8. The system according to claim 1, characterized in that, The colony classification network includes an edge location-aware attention module based on radial distance encoding, comprising: Calculate the radial distance from the centroid of each candidate colony region to the center of the culture dish, and encode the normalized radial distance into a position embedding vector; The location embedding vector is multiplied channel-by-channel with the feature map extracted by convolution of the local image patch of the colony candidate region to generate a location modulation feature map; An attention gating layer is set before the classification head of the colony classification network. The attention gating layer generates channel attention weights based on the position modulation feature map and weights the feature responses of different channels. The colony classification network is trained using a training set that includes samples of central flat regions and samples of edge crescent regions after geometric distortion correction and brightness normalization.

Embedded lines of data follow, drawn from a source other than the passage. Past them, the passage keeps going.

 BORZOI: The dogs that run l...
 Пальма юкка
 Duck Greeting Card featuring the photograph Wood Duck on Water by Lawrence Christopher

9. The system according to claim 1, characterized in that, The step of adjusting the lighting parameters of the area to be reviewed and re-acquiring images to update the recognition results includes: Analyze the identification confidence and corresponding morphological feature vector of each candidate colony in the region to be verified to determine the dominant factors of low confidence. When the dominant factor is that the grayscale contrast is lower than the preset contrast threshold, the elevation angle of the light source is increased to reduce the angle between the incident light direction and the surface normal vector of the area, thereby increasing the positive illumination intensity of the area. When the dominant factor is that the edge gradient amplitude is lower than the preset gradient threshold, switch to side lighting mode to enhance the contrast between light and dark at the edge of the colony; Based on the adjusted lighting parameters, images of the area to be reviewed are reacquired, and geometric distortion correction, brightness normalization, and colony classification are re-executed. The recognition confidence is updated until the confidence exceeds the preset confidence threshold or the preset maximum number of reviews is reached.
10. The system according to claim 1, characterized in that, The output colony locations, categories, and total counts also include: Detect cross-regional colony candidate regions located on the boundary line between the central flat region and the edge meniscus region; For the cross-regional colony candidate regions, morphological feature vectors are extracted for the portion located in the central flat region and the portion located in the edge crescent region, respectively. Calculate the feature consistency metric between the two morphological feature vectors. When the feature consistency metric is greater than a preset consistency threshold, the two parts are merged into a single colony; when the feature consistency metric is less than or equal to the preset consistency threshold, they are determined to be two independent colonies. The merged or split colonies are included in the final count result.